Y yo planteo lo siguiente: ¿a qué tenemos tanto miedo? ¿Por qué nos creemos que estar cuatro horas pegado al sofá viendo series de Netflix o vídeos de gatitos en YouTube es mejor que jugar a cazar bichos con el móvil? Al menos ellos se están moviendo, y eso nadie puede negar que sea positivo. Andar es bueno para la salud. Sí, andar sin mirar puede llevar a que te atropellen y te mueras (pero eso es otro asunto, quizás tenga que ver con la selección natural – y no hace falta meterse en camisas de once varas).
Es un fenómeno, una moda – claro que sí, como otra cualquiera. La que corresponde ahora porque vivimos pegados a los móviles y aquel que inventara un juego que aunara internet, teléfono y paseos tenía el éxito asegurado. Y esas personas que juegan no molestan, o no a mí, al menos. Porque están con su teléfono, consumiendo sus datos, paseando por donde les place y parándose a hacer fotos cuando les apetece. No gritan, no insultan, no atacan a nadie, no atracan, no roban, no estafan, no destrozan el mobiliario urbano. En definitiva: están empleando su tiempo en lo que les viene en gana sin meterse en vidas ajenas, no creo que merezcan ser linchados.

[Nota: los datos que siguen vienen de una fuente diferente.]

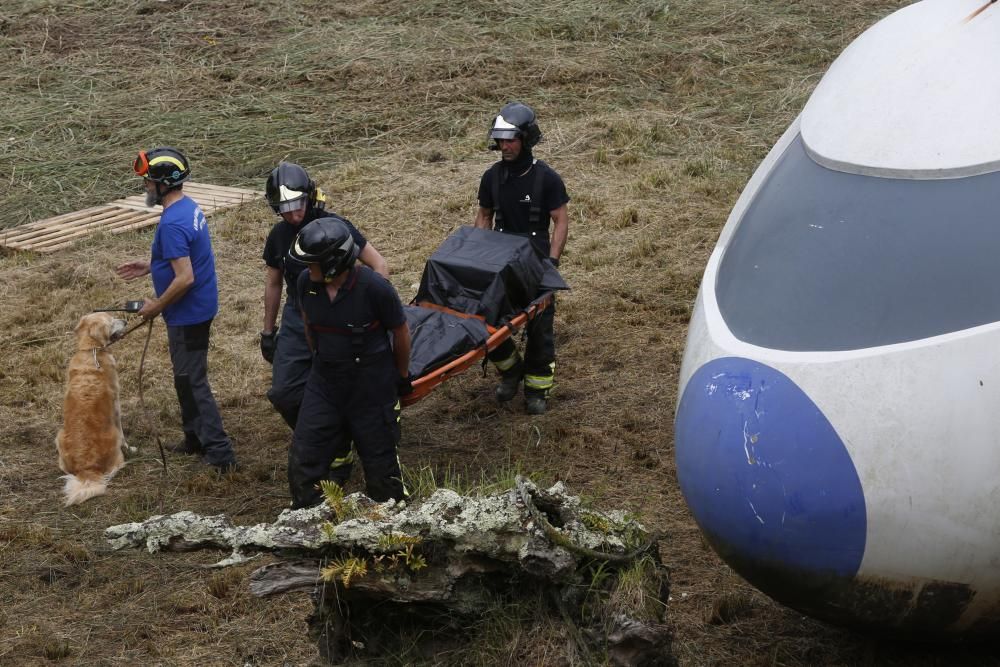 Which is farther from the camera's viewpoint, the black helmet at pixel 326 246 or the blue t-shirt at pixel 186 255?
the blue t-shirt at pixel 186 255

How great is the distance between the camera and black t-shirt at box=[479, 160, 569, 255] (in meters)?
8.12

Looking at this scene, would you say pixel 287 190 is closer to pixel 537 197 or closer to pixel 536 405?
pixel 537 197

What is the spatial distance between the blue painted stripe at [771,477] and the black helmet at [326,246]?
7.08ft

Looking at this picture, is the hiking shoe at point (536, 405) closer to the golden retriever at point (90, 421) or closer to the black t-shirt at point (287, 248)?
the black t-shirt at point (287, 248)

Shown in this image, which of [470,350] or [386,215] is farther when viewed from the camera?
[386,215]

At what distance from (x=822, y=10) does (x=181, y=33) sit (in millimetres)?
8805

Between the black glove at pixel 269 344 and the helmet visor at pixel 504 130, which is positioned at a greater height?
the helmet visor at pixel 504 130

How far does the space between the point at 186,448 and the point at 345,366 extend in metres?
2.26

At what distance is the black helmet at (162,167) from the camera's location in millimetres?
7336

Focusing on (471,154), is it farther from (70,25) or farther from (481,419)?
(70,25)

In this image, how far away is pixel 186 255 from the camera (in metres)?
7.41

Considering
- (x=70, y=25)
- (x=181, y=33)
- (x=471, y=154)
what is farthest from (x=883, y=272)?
(x=70, y=25)

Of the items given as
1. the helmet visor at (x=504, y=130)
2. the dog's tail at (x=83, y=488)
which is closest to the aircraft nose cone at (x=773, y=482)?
the helmet visor at (x=504, y=130)

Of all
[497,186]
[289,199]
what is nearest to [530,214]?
[497,186] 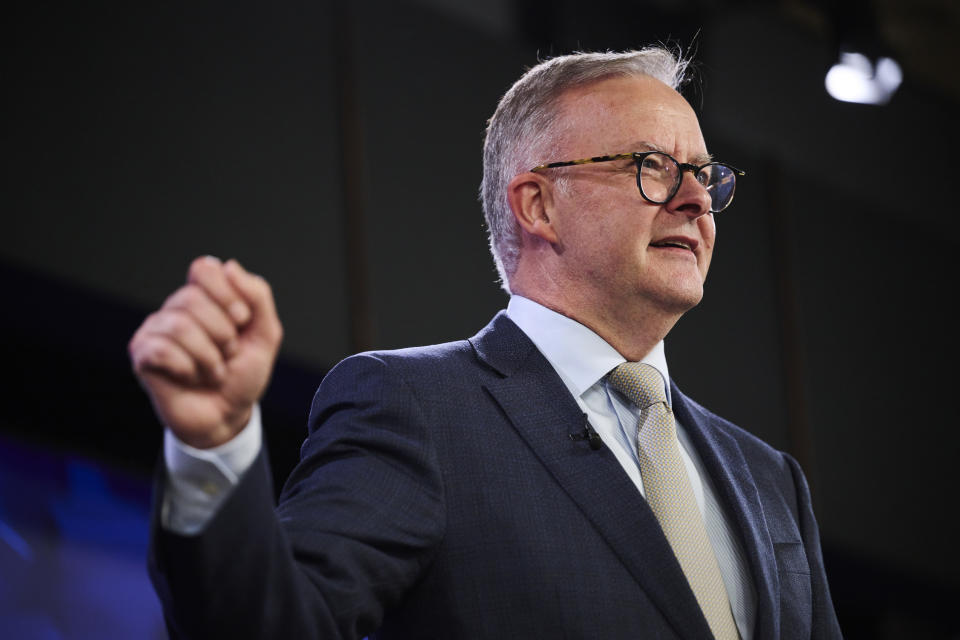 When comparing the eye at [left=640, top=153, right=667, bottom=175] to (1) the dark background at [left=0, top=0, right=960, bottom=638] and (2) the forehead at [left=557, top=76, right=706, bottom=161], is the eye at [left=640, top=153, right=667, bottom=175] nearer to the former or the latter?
(2) the forehead at [left=557, top=76, right=706, bottom=161]

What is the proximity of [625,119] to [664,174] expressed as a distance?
4.0 inches

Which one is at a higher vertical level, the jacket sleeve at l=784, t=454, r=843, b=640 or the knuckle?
the knuckle

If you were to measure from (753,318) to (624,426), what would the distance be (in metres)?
2.95

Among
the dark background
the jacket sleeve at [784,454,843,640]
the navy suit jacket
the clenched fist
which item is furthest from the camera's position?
the dark background

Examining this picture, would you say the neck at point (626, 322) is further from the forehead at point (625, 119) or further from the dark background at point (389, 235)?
the dark background at point (389, 235)

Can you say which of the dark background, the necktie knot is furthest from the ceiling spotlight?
the necktie knot

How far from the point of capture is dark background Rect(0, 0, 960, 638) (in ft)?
9.46

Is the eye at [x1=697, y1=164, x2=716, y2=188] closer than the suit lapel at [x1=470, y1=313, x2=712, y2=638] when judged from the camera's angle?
No

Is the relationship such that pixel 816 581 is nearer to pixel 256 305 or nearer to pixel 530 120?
pixel 530 120

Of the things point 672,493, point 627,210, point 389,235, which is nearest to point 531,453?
point 672,493

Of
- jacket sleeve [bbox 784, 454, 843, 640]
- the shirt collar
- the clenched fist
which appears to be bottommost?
jacket sleeve [bbox 784, 454, 843, 640]

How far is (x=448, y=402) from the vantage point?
1384 millimetres

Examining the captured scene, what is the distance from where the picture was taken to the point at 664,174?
5.37 ft

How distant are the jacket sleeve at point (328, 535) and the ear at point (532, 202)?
1.41 ft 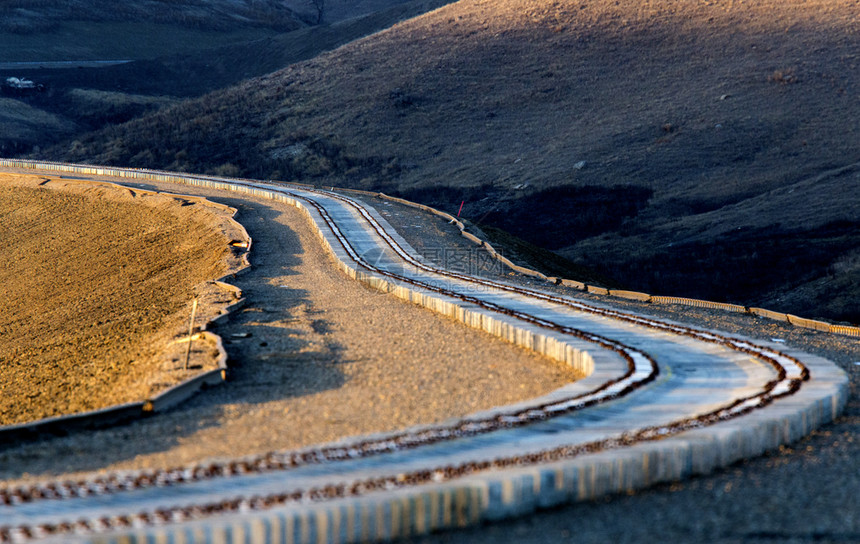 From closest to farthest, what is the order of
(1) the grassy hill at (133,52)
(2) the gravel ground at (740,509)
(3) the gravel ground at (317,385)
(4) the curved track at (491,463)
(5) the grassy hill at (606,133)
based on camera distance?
(4) the curved track at (491,463) < (2) the gravel ground at (740,509) < (3) the gravel ground at (317,385) < (5) the grassy hill at (606,133) < (1) the grassy hill at (133,52)

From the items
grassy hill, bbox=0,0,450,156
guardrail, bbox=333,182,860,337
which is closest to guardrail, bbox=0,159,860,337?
guardrail, bbox=333,182,860,337

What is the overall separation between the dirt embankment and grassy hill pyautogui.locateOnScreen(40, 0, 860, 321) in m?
14.6

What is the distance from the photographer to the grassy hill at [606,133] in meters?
35.3

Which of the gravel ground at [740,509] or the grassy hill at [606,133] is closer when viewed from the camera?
the gravel ground at [740,509]

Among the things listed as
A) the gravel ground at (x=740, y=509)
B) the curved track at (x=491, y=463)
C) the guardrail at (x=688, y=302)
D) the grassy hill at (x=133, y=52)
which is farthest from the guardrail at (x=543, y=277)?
the grassy hill at (x=133, y=52)

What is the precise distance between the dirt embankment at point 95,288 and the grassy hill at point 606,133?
1464 cm

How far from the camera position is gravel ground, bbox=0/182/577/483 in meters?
8.77

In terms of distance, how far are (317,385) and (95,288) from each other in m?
17.8

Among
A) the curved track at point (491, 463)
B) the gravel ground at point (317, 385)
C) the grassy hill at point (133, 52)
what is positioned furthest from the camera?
the grassy hill at point (133, 52)

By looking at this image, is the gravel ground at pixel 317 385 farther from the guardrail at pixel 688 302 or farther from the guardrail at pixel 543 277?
the guardrail at pixel 543 277

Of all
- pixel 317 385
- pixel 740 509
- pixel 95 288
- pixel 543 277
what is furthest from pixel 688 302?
A: pixel 95 288

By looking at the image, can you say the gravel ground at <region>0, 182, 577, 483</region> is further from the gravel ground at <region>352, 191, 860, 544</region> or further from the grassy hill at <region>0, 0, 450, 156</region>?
the grassy hill at <region>0, 0, 450, 156</region>

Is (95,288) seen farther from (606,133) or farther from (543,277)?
(606,133)

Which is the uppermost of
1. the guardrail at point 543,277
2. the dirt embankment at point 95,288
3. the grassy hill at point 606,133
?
the grassy hill at point 606,133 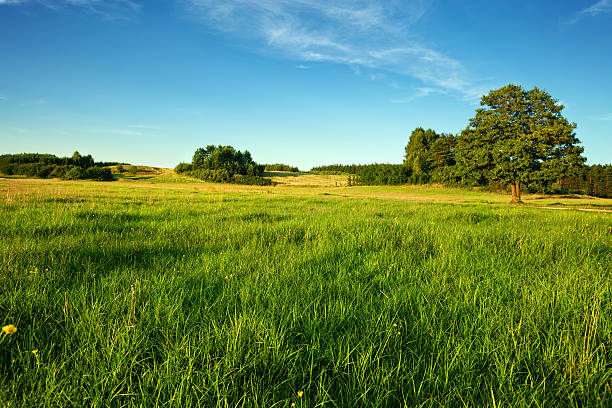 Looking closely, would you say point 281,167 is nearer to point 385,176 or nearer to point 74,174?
point 385,176

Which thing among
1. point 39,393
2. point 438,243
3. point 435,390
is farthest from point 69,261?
point 438,243

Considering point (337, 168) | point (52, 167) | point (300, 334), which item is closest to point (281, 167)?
point (337, 168)

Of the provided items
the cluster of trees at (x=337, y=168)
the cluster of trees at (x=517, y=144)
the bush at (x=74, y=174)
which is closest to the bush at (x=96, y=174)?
the bush at (x=74, y=174)

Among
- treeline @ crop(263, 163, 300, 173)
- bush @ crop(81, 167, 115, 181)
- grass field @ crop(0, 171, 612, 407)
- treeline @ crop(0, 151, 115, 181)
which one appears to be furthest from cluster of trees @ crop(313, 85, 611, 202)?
treeline @ crop(263, 163, 300, 173)

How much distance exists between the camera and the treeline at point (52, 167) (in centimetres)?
5872

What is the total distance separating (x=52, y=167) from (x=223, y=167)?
40.0m

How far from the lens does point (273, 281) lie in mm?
2646

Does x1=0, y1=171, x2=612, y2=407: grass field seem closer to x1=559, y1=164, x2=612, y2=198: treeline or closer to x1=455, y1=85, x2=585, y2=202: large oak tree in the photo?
x1=455, y1=85, x2=585, y2=202: large oak tree

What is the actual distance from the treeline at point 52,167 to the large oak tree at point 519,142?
72656mm

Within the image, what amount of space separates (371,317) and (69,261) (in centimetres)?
362

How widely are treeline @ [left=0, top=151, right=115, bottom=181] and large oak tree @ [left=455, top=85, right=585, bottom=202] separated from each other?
72656 millimetres

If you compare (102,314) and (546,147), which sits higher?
(546,147)

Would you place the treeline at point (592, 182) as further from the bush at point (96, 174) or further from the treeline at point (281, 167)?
the bush at point (96, 174)

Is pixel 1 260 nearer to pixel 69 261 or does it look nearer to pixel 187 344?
pixel 69 261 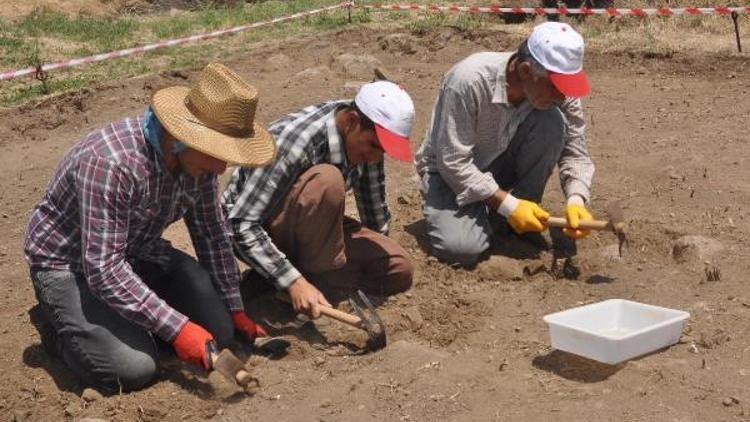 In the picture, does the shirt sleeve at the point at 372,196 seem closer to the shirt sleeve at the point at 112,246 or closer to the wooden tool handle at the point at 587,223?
the wooden tool handle at the point at 587,223

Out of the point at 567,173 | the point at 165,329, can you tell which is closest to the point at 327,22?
the point at 567,173

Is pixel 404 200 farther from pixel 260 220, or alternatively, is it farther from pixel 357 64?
pixel 357 64

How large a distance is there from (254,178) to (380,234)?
0.88 meters

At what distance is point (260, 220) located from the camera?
4164 millimetres

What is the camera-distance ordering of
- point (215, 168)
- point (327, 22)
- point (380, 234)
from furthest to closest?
1. point (327, 22)
2. point (380, 234)
3. point (215, 168)

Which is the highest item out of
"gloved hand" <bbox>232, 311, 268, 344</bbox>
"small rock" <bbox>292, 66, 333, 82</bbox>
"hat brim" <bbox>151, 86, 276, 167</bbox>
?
"hat brim" <bbox>151, 86, 276, 167</bbox>

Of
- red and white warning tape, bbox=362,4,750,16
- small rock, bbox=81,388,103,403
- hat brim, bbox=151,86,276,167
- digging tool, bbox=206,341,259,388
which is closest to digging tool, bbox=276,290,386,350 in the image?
digging tool, bbox=206,341,259,388

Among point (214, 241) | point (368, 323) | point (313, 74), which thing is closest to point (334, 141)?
point (214, 241)

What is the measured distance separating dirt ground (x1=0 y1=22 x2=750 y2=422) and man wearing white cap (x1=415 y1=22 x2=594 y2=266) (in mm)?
235

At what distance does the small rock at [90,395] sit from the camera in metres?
3.75

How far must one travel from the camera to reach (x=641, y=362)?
3.74m

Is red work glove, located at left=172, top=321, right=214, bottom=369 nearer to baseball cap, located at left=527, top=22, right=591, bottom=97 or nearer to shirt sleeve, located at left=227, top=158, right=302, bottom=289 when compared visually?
shirt sleeve, located at left=227, top=158, right=302, bottom=289

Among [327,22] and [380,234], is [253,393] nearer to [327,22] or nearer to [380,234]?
[380,234]

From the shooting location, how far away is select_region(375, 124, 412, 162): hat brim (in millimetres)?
3912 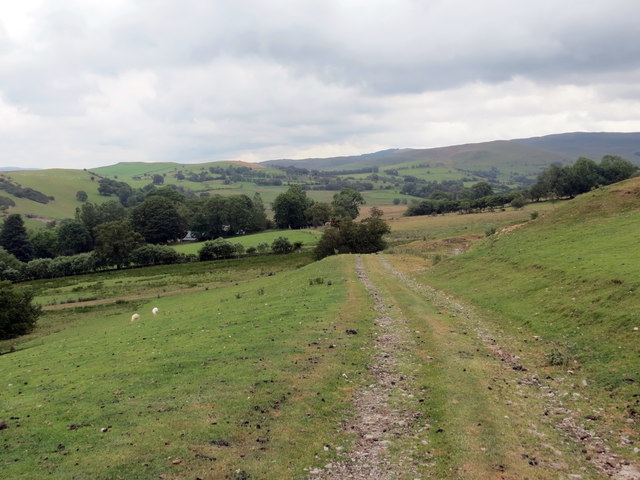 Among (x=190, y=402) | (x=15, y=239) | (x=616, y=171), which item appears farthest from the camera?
(x=15, y=239)

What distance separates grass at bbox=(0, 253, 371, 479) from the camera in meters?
10.6

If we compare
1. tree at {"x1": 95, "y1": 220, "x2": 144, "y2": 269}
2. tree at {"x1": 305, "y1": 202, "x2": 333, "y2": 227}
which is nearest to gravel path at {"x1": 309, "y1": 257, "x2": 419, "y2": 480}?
tree at {"x1": 95, "y1": 220, "x2": 144, "y2": 269}

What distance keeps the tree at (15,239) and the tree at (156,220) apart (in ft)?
124

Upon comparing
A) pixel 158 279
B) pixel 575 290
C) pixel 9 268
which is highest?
pixel 575 290

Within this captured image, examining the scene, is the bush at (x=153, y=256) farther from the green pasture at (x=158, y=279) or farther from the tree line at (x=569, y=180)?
the tree line at (x=569, y=180)

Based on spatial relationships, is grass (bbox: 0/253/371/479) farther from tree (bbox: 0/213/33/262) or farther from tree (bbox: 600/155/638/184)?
tree (bbox: 600/155/638/184)

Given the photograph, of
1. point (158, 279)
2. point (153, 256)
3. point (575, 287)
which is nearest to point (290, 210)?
point (153, 256)

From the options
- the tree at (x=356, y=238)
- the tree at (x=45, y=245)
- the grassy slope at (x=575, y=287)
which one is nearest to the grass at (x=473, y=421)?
the grassy slope at (x=575, y=287)

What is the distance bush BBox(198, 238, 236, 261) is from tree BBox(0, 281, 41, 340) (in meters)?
62.7

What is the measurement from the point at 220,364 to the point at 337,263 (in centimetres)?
4372

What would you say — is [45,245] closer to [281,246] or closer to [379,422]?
[281,246]

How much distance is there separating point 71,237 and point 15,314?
118m

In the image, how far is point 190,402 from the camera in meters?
14.3

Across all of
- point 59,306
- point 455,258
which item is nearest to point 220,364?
point 455,258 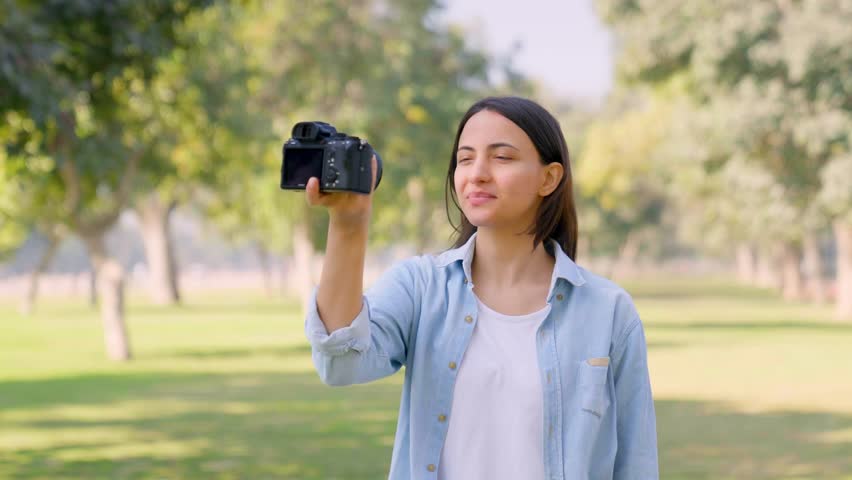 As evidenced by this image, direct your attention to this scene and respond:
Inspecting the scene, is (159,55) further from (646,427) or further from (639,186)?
(639,186)

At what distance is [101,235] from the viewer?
23.8 m

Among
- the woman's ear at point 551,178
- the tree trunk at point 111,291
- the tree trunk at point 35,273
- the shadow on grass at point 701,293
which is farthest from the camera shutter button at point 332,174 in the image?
the shadow on grass at point 701,293

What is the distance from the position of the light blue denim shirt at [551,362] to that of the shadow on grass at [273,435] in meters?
7.41

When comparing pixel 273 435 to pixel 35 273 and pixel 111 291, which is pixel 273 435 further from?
pixel 35 273

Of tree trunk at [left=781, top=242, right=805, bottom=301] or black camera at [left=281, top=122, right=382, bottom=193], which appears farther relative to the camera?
tree trunk at [left=781, top=242, right=805, bottom=301]

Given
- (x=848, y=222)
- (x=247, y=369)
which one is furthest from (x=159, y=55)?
(x=848, y=222)

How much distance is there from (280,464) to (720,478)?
3665 millimetres

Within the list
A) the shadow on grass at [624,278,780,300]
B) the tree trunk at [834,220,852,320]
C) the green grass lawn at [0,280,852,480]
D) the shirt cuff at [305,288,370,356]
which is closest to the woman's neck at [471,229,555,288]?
the shirt cuff at [305,288,370,356]

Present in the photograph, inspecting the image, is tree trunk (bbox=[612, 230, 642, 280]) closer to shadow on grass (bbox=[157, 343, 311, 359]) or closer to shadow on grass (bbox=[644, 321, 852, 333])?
shadow on grass (bbox=[644, 321, 852, 333])

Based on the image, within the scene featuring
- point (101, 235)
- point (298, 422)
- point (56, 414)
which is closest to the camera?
point (298, 422)

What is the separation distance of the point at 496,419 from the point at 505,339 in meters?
0.20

Intentemos, por una vez, ver la cara buena de la situación: gracias a ese juego muchas personas se han levantado del sofá. Gracias a ese juego muchas personas han socializado con otras en un parque. Gracias a ese juego cientos de personas quedan para hacer algo en común en una plaza. Ese juego no nos ha hecho más solitarios sino al contrario. Es la primera vez que un avance tecnológico nos anima a juntarnos, a comunicarnos, a hablarnos para compartir trucos, a intentar vivir en sociedad gregaria y no como islas. Por lo tanto, yo aplaudo al invento y le doy la bienvenida a la sana intención de hacernos ser menos asociales. Eso sí, por favor, que empiecen a mirar por dónde andan y que no dejen los coches en mitad de la carretera para ir a cazar algo. Porque eso, sí, es de anormales. Por favor: jueguen con cabeza.